The language of mobile communication is referred to as textese, SMS language, or text speak, all referring to the abbreviated, slang-heavy form of communication characterised by shortcuts and phonetic spellings which are developed to fit character limits and communicate quickly. This is not a language of romance.

To illustrate, this strongly contrasts to the romance of Cyrano De Bergerac, the play by Edmond Rostandin in which Cyrano composes love letters for the inarticulate Christian to win the heart of Roxane and with these succeeds in wooing her. This has long been the template of romance, the idea that a reluctant partner can be persuaded by courtship.

Increasingly young people rely on dating Aps to find partners. 80% of women date the top 20% of males based on the physical appearance of the prospective date.

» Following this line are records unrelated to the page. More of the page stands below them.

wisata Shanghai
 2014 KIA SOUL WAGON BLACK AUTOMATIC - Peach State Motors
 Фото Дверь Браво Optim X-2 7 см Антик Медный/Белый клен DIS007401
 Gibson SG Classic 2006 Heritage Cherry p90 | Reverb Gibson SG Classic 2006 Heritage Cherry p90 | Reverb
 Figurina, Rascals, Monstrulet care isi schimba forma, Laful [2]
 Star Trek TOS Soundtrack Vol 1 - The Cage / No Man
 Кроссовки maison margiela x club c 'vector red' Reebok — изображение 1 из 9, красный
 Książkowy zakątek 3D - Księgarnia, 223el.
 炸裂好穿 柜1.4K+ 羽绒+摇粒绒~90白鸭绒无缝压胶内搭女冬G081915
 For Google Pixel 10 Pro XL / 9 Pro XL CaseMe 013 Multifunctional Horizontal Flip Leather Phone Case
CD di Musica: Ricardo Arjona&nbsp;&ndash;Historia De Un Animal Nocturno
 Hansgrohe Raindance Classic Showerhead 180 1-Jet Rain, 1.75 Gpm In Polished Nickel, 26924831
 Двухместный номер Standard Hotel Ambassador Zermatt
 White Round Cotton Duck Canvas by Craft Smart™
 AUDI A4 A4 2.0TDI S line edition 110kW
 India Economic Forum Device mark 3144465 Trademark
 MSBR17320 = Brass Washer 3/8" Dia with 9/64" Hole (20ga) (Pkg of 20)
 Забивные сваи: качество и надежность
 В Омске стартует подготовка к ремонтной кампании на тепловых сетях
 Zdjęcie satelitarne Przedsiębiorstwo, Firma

This is the basis of “scrolling” the repetitive changing of screens on dating aps which display pictures of the prospective date.

Other information attached to the “profile” of the date is notoriously unreliable and most subjects lie about their qualities and income. Most dates that arise from this process fail.

In the case of Steven and his fellow Hikkiomori, it would not be possible the imagine that any partner enticed to meet him, could tolerate exposure to his living arrangements.

The future for Steven is clear. He has no future. He has now been evicted from this hostel where he had this room filled with rubbish because of his failure to clean his room. Support agencies have found him another home but soon enough that accommodation will fail for the same reason.

Though the image may be incongruent, Steven is the canary in the coal mine. No technological advances including AI will save his kind. So society may as well keep doing what we have done to date, pretend he doesn’t exist.